In the long discussion we had, I stated that corruption has become a norm of life throughout the country from the lowest-ranking employees up to top officials, and combating it requires strong political will.
In many analogous cases in the past, political will was assumed to be evident, not only in fighting corruption, but also in promoting democracy, and in supporting human rights, etc. But in many such cases where the government invited delegations and missions to help in such issues, the end was a disappointment, because of official hesitation and numerous obstacles in their way of missions.
For any mission to be successful, it must be exposed to maximum transparency, openness, and most importantly, given full cooperation.
I said I would be cautiously optimistic about the initiative, but I also stressed that the President of the Republic must show that the fight against corruption will now be materialized by prosecuting long-time, well-known, public fund embezzlers, who are infamous for becoming very wealthy in short periods of time.
The President must oblige the growing demands of the public to bring to justice, those responsible for illegally pocketing millions of Yemeni Rials.
I was glad to meet the mission, because I wanted to give them a view that is closer to the public opinion and further away from the official view. I thought it was important to give them a clear picture of the public's impression about their mission, and similar missions of the past. The public mostly think that such missions are merely a way of glorifying the image of Yemen as a country that serious in it's attempt to fight corruption, or combat other negative phenomena. But when it comes to reality on the ground, years after the missions started their work, they see little difference.
People want steps that would result in tangible positive change to their lives. The government and foreign missions explain that change cannot come over night, but the public usually asks for change to come and come quickly.
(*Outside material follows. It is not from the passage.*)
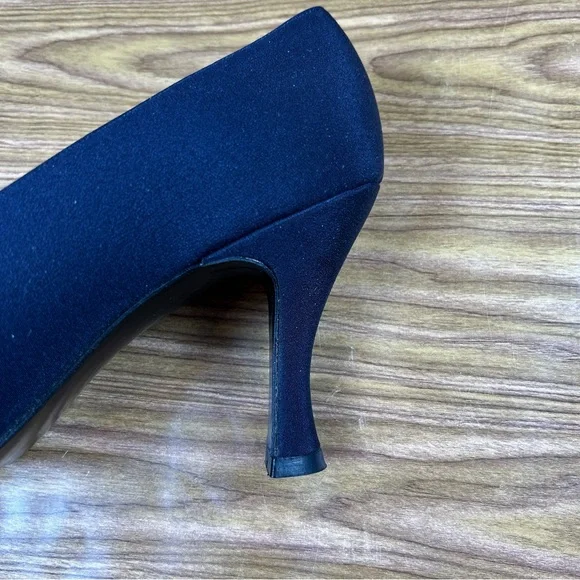 Vintage Stuart Weitzman Lorraine Navy Blue Fabric Pumps Worn Once - Size 8.5 - Picture 5 of 12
And this is a challenge for this specific mission.
To achieve change, the government must take the recommendations and comments presented by the mission into consideration, and should act upon them to initiate much needed reform.
If the President is truly serious in tackling the problem of corruption, he should start with people at the top. Just like the stairs cannot be cleaned except from top to bottom, so is the case with corruption. We all know that Saleh is the only person who can make this possible. One case of filing a lawsuit and trying a big crook from the current or previous government would be a clear example that President Saleh means business and not merely words. Apart from that, the leadership should approve of giving Central Organization for Control and Auditing (COCA) more independence to enable it to interact with the public directly and establish a hotline that connects it to the people and civil society. It should be given greater powers to obtain information and files that may otherwise be inaccessible. It should be accountable, transparent, and should communicate with the press in conveying information about corruption cases and potential prosecutions of officials etc.
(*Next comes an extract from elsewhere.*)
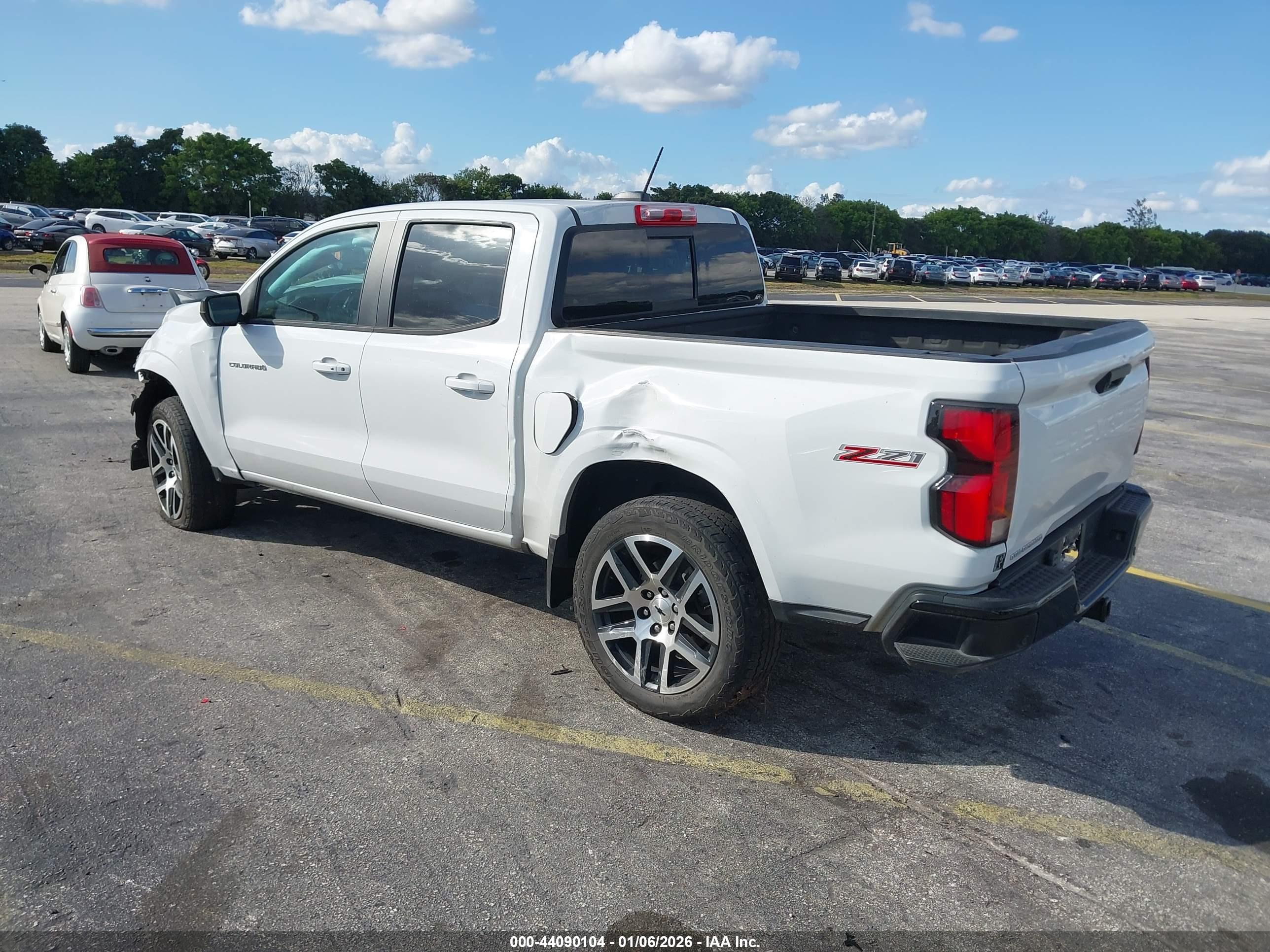 CHEVROLET COLORADO image 3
After our meeting, I hoped that my strong words did not de-motivate the mission, but I am glad that I conveyed an opinion that they may never get from the government. I disagree with those who think that there is political will to fight corruption.
Political will cannot be proven by receiving missions or delegations in governmental offices or in receptions, etc.
Political will only becomes a reality when we see crooks behind bars, and public funds returned.
We all hope and pray that our country's regime has indeed developed true political will, but until that is proven, we will keep our fingers crossed!